The US Navy today has a “ship force” of less than it had in 1916. Eleven Carrier Groups is a far cry from the demands that can be placed on this country in time of war. I am not speaking of the “COIN” war but what will be inevitable one day as we continue to lose our capabilities. We have to sustain worldwide intervention capabilities or we will be attacked. Big projects with little return and so-called jobs for Americans to build the greatest and best for far more money than can ever be conceived for value is a travesty of the big business and government being filled with money whores. The F-22 project could have been outstanding but the “built-in” failures to drive the costs up were in place long before the planes were even evaluated. It is all about money with no conscience of what the real picture should reveal. The United States needs results that can be measured and paid for without government and the Pentagon raising flags for their own personal gain.
November is approaching and it is time to turn this ship around and arm it with down to earth people who believe in the American way not the way of the what feels good at the moment.

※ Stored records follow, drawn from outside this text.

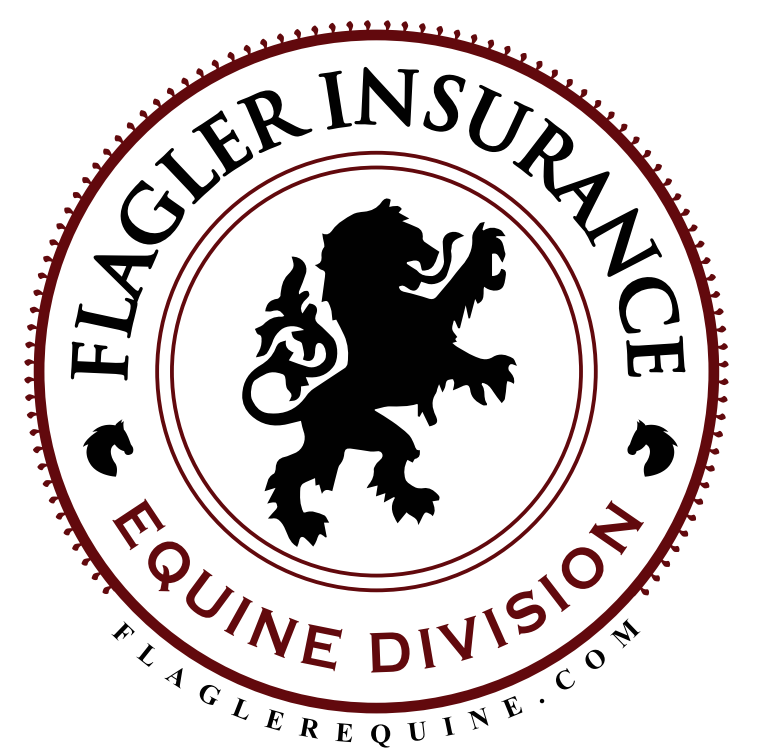 Flagler Insurance Equine Division circular seal with a black rampant lion crest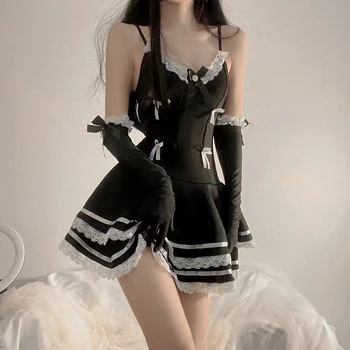 Дикон Милые модели для мужчин и женщин Японские девушки-горничные Черно-Белый Маленький дьявол Готическая Лолита Школьная форма горничной Платье принцессы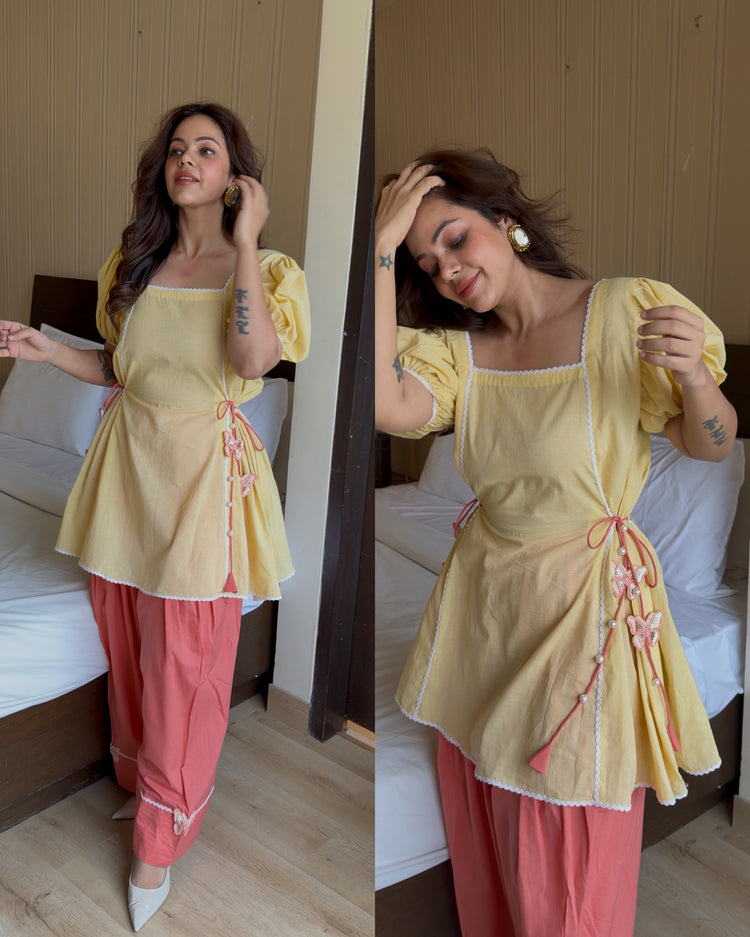 Flared kurta farsi butterflies set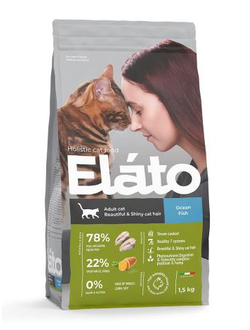 Elato (Элато) корм для кошек с рыбой для красивой шерсти 1,5 кг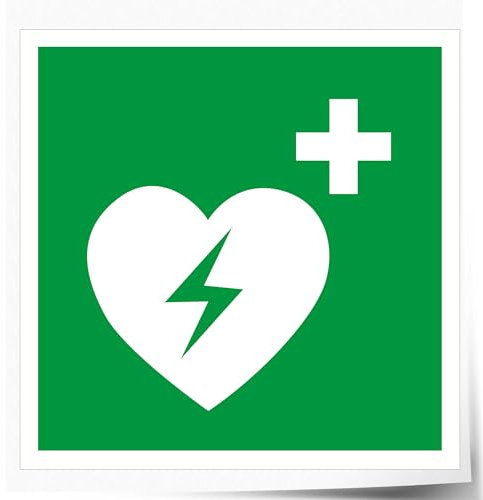 Indigos UG Aufkleber AED Defibrillator - 500x500 mm - Hotel, Firma, Schutz, Kita, Arzt, Praxis, Wohnung - Sicherheit - Warnung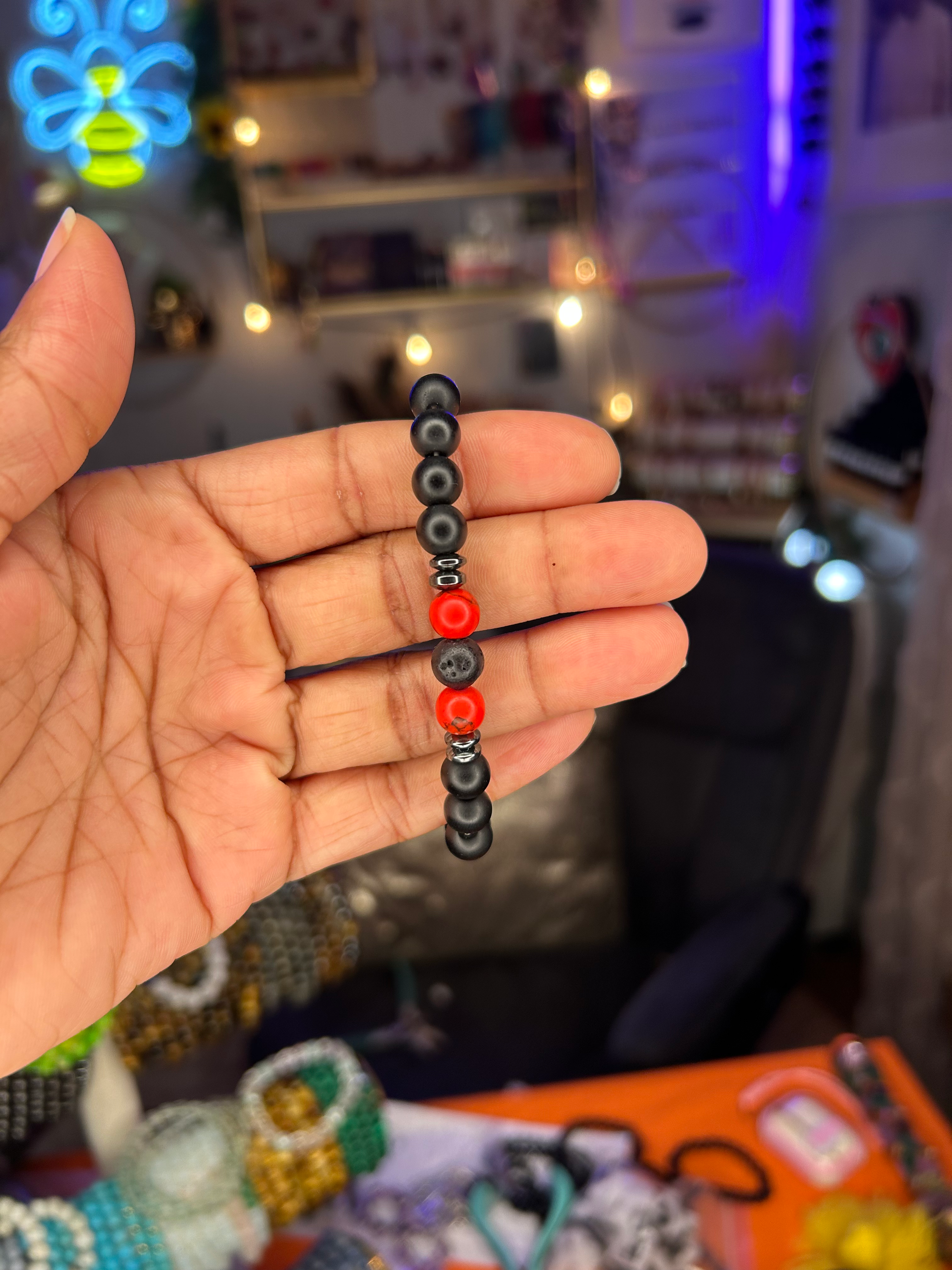 Red Turquoise|Lava Stone|Matte Obsidian Beaded Bracelet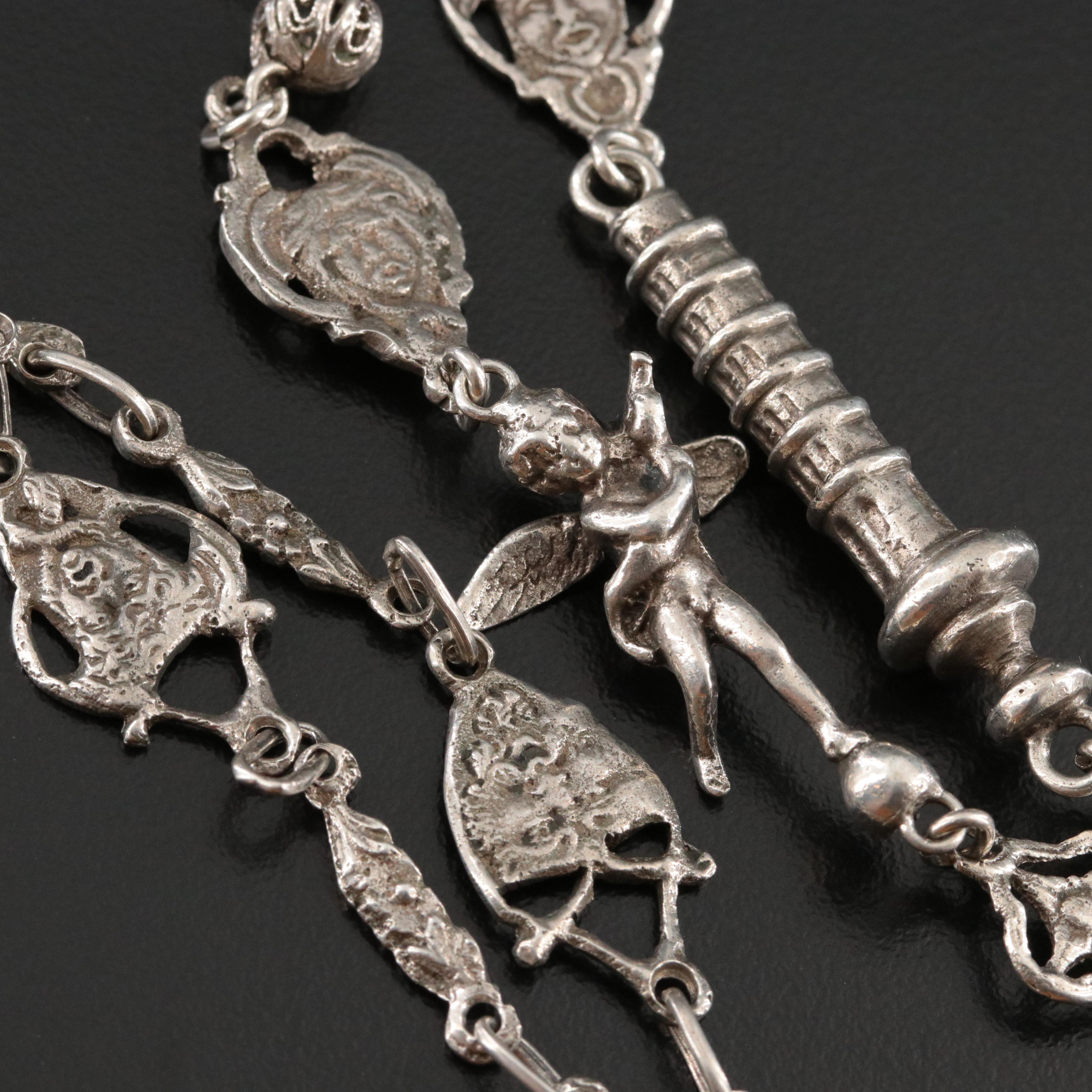 Italian 800 Silver and Sterling Agate Necklace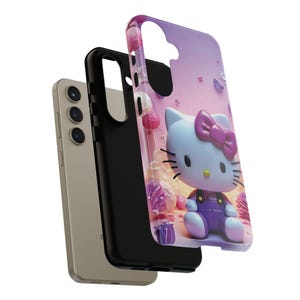 Funda para teléfono resistente con diseño de gato lindo inspirado en Hello Kitty / Funda protectora rosa kawaii de dibujos animados imagen 15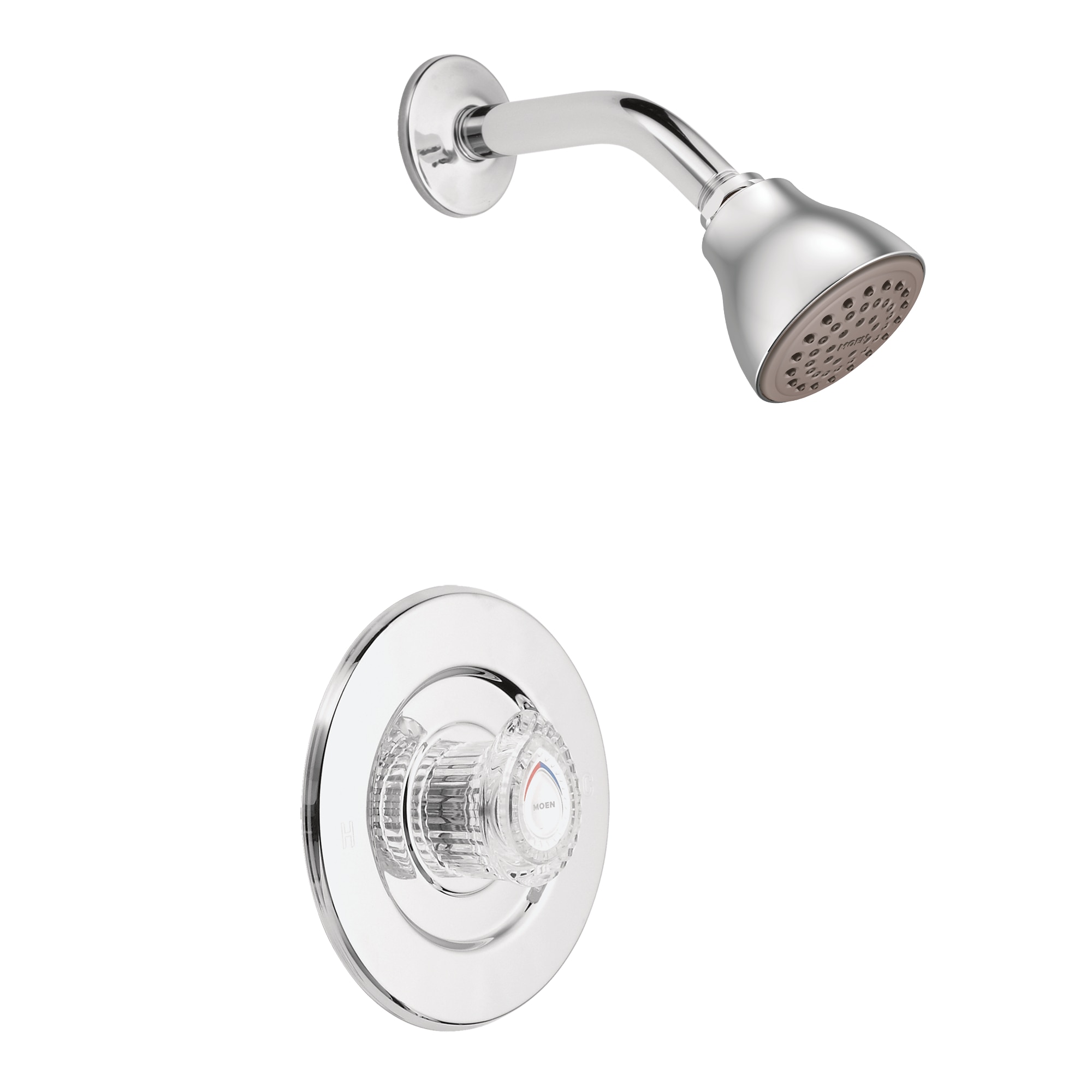 Grifo de ducha redondo de 2.5 pulgadas con una sola manija en cromo para regadera de la marca Moen Chateau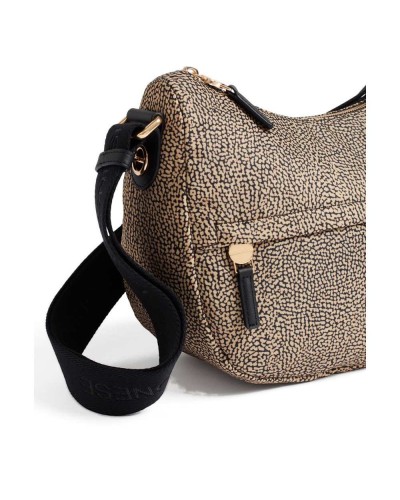 Borbonese Bolso Luna Small Mujer OP Naturale / Nero en Tejido Reciclado y Piel Estampado OP con Asa y Bandolera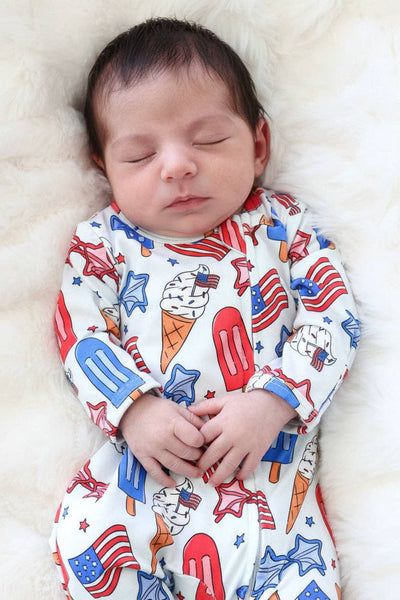 Zipper Footie | Red, White & Cool: 0-3 months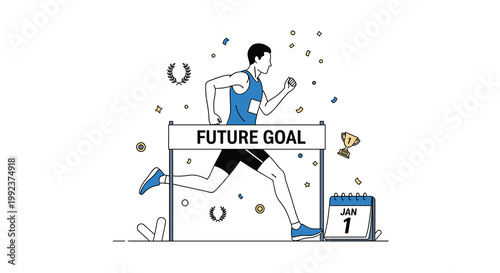 A determined male athlete in blue sportswear leaps over a hurdle labeled Future Goal while surrounded by celebratory confetti and achievement icons.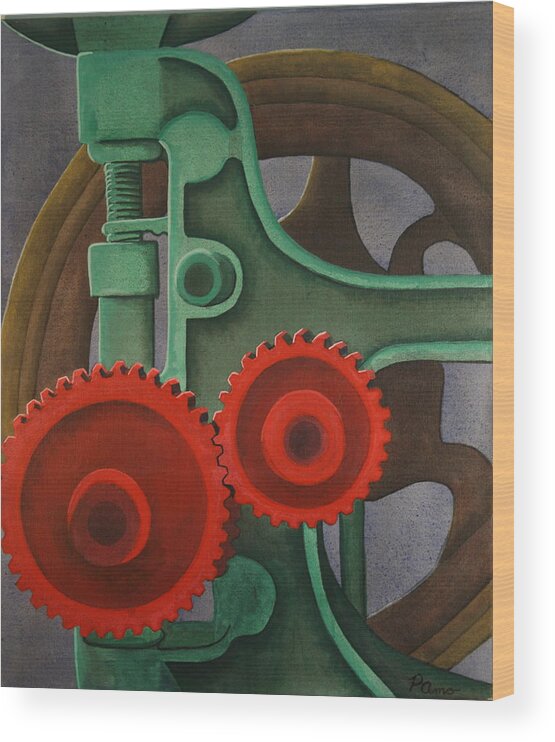 Gears Wood Print featuring the painting Drill Gears by Paul Amaranto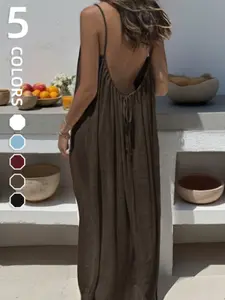 Women's Plain Backless Cardigan Dress, Spring Summer Casual Wear Sleeveless Dress, Beach Vacation Women's Clothing
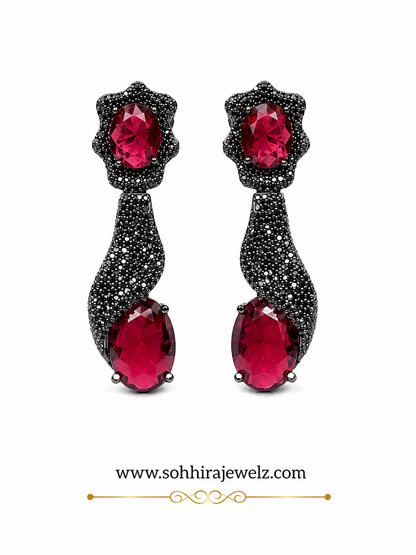 Ruby Noir Sculptural Drop Earrings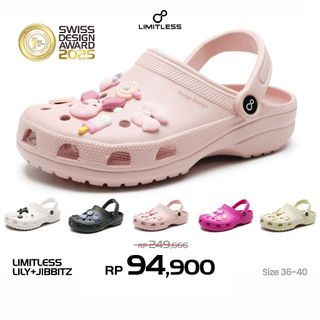 Limitless Sendal Slip On Cewek Kekinian Terbaru Sandal Slop Wanita Dewasa Selop LILY Eva Lucu Karakter 2026 – Size 37 – 40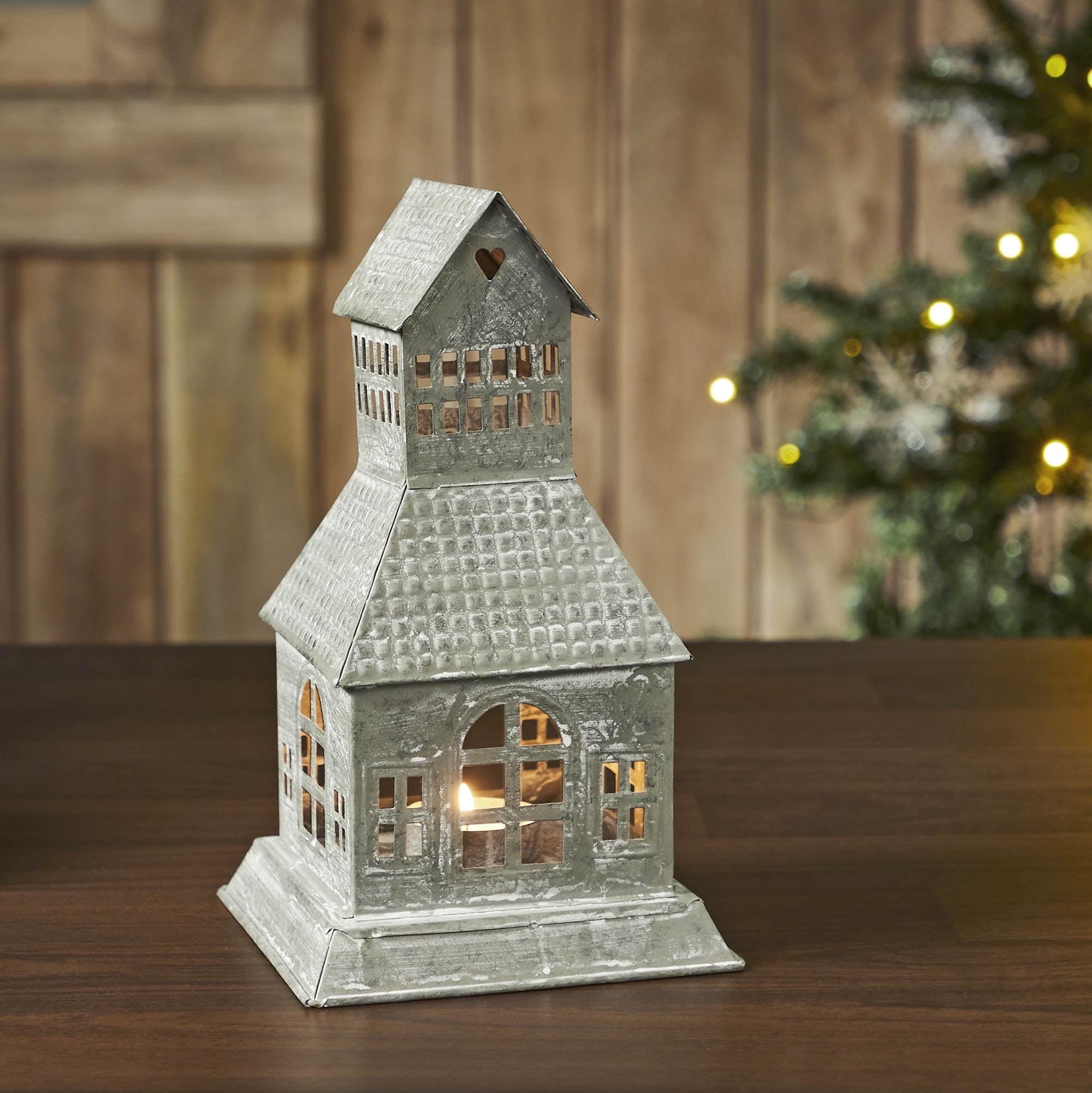 VHC Brands Festive Finds Tealight Holder Metal Village House A 9.5x5.5x5.5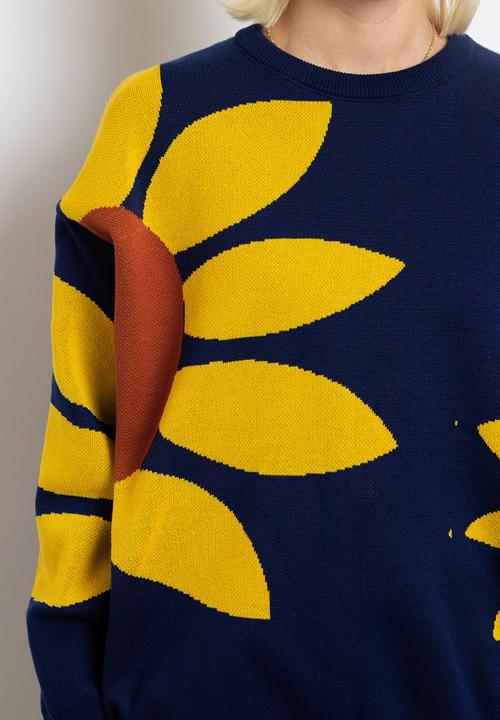 Daisy Street - Sunflower knitted jumper - navy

I liked it better when the Military men kept their mouths closed to the press, and to the public. It is not the job of the military to suffer from loose jaws, that allow their mouhts to run off, as it is today! Whatever happened to that rule, “need to know only” ? or for need to know eyes only”? What’s with all of this needless talking to a press that hates the Military, and is exposing them to danger, more than ever before? The rules have changed, and they are NOT GOOD?????
Steve

This bastard Gates is just as bad as Rumsfeld was.… and Rumsfeld was as arrogant as that SOB McNamara.

EVERY ONE SHOULD KEEP THERE MOUTH SHUT AND THIS MEANS THE CONGRESS ALSO.……SO SOME ONE WILL SAY SOMETHING AND WHAT DO THEY DO,SLAP THERE HANDS ONLY.…..OUR MILITARY CAN RUN THIS WAR WITH OUT ANY INPUTS FROM THIS GOVT.,BUT THIS IS OUR LAW THEY HAVE TO PUT IN THERE WORDS AND TELL THEM HOW TO DO IT.….

i think GATES made a horrendous blunder by not keeping the Raptor line going, selling it to our closest allies. The JSF better work i wonder how many F-15SE [Silent Eagle] you can buy for 1 JSF?

How dare anyone think something does not work or perform. The F-22 works great it was the current leadership that didn’t want it and Lockheed Martin didn’t push for more planes, HMMMM sounds like tyhe two shot down the F-22 for the popular F-35 but that is becoming over extended.